U.S. Sanctions: On April 28, 2025, the U.S. imposed sanctions on three vessels and their owners for delivering oil and gas products to Yemen’s Houthi-controlled port, aiming to cut off funding for the group's Red Sea shipping attacks. The sanctioned entities include companies registered in the Marshall Islands and Mauritius, which used cargo vessels to supply the Houthis. These actions follow the U.S.'s March designation of the Houthis as a Foreign Terrorist Organization, citing threats to regional and global security. The sanctions were announced just hours after a U.S. airstrike reportedly killed 68 people at a migrant detention center in Yemen. Houthi attacks on commercial vessels, which they claim are in support of Gaza, have disrupted global trade routes and heightened tensions linked to the broader Israel-Hamas conflict.

Emergency Waiver: The Trump administration issued an emergency waiver allowing the nationwide sale of E15, a gasoline blend containing 15% ethanol, during the summer driving season starting May 1. This move aims to boost fuel supply, lower gasoline prices, and support U.S. corn farmers and biofuel producers by expanding the market for ethanol.

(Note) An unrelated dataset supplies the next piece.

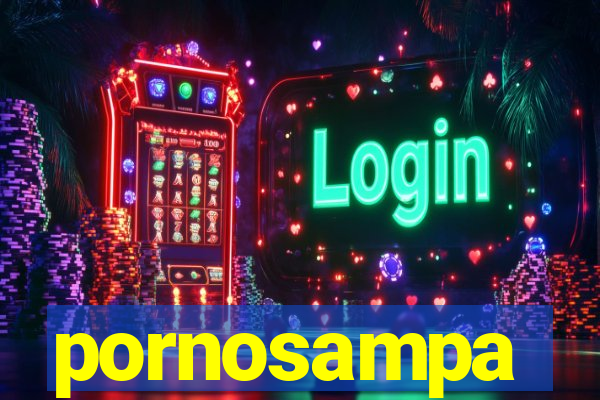 pornosampa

Normally restricted in summer due to smog concerns, E15 sales have been temporarily allowed under the justification of preventing fuel shortages amid global energy instability. The Environmental Protection Agency (EPA) expects to extend the waiver as needed and has also eased regional fuel requirements in several Midwestern states. Biofuel industry groups praised the decision, arguing it will offer consumers more choice and help stabilize prices during the peak travel season.

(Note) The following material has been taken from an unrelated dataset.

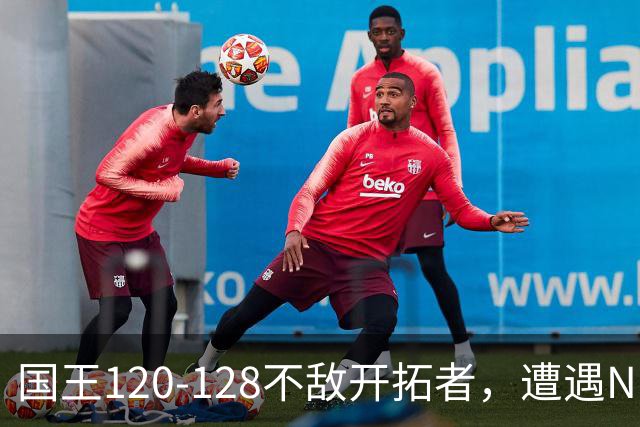 国王120-128不敌开拓者，遭遇NBA2连败，阿卡夫33分2板4助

OPEC+: Kazakhstan’s oil production in April remained above its OPEC+ quota despite falling 3% from March levels, averaging 1.814 million barrels per day. The country's assigned OPEC+ quota for April was 1.473 million bpd, and it has consistently overproduced, drawing criticism from other members of the alliance. Energy Minister Erlan Akkenzhenov emphasized that Kazakhstan will prioritize national interests over OPEC+ commitments, though the country has pledged to reduce cumulative output by 1.3 million bpd by April 2026 to compensate. Oil exports rose 7% year-on-year in the first quarter of 2025, aided by increased flowthrough the Caspian pipeline. Output at the Tengiz field, Kazakhstan’s large stand operated by Chevron, declined slightly in April, though overall production remains elevated due to recent field expansions.

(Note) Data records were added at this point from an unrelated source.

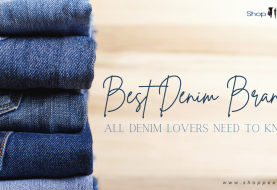 Best Denim Brands All Denim Lovers Need To Know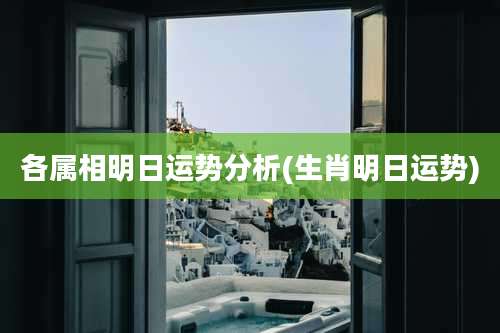 各属相明日运势分析(生肖明日运势)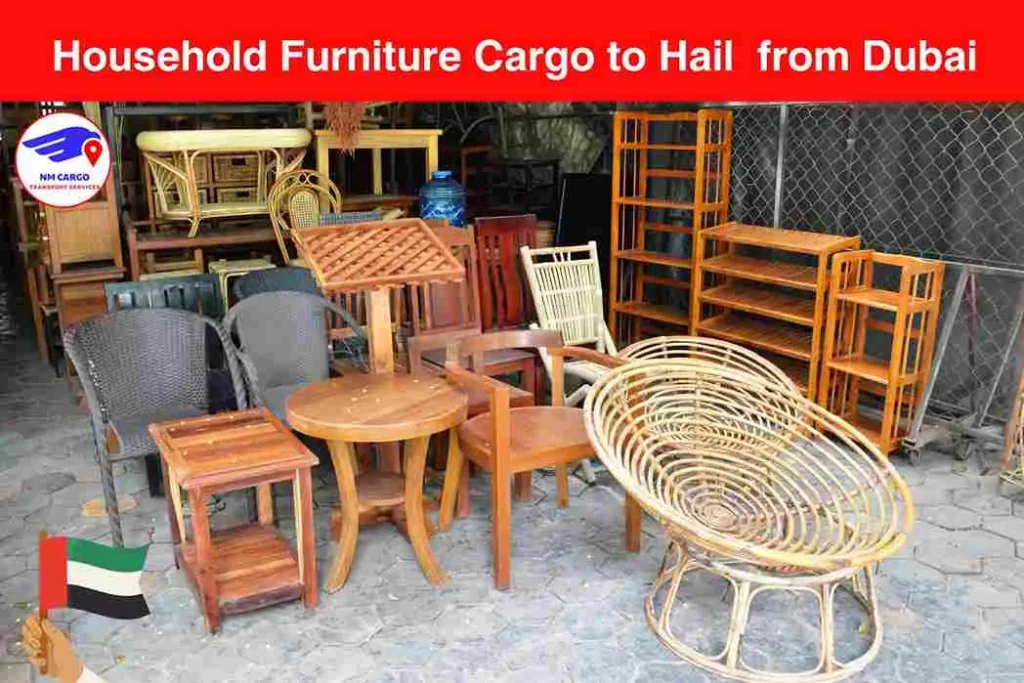 Household Furniture Cargo to Hail from Dubai​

Market Overview: Oil prices fell on Tuesday to near a two-week low, with U.S. West Texas Intermediate crude dropping 1.8% to $60.95 a barrel, as investors grew concerned about weakening demand due to the ongoing U.S.-China trade war. Analysts warned that a prolonged trade conflict could lead to a global recession and further reduce oil demand, pressuring prices downward. Some OPEC+ members are expected to propose another production hike in June, despite already weak market sentiment. Kazakhstan, a key producer, continues increasing exports, with a 7% year-on-year rise in Q1 2025, further contributing to the oversupplied market.

U.S. West Texas Intermediate (WTI) crude futures remain in the red this morning. This dip reflects ongoing investor concerns over the U.S.-China trade tensions, which continue to cloud the global economic outlook and raise fears of reduced oil demand. Additionally, market participants are apprehensive about the possibility of OPEC+ accelerating its oil output increases when the group meets on May 5, potentially leading to oversupply. Geopolitical factors, including the continuation of nuclear talks between the U.S. and Iran and a significant explosion at Iran’s Bandar Abbas port, have further contributed to market volatility.

Oil prices dropped about 2% to a two-week low amid fears that an expected OPEC+ production increase and U.S. tariffs could weaken global fuel demand. West Texas Intermediate crude fell to $60.42 per barrel, as economists warned that Trump's trade policies might trigger a global recession. The U.S.-China trade war escalated, with both nations imposing tariffs, leading analysts to sharply reduce their oil demand and price forecasts. The trade conflict also impacted major corporations, with UPS announcing 20,000 job cuts and GM delaying its outlook, while BP reported a 48% drop in profit. Meanwhile, OPEC+ is expected to propose another output hike in June, which analysts warn could worsen market conditions as countries like Kazakhstan boost exports instead of curbing supply.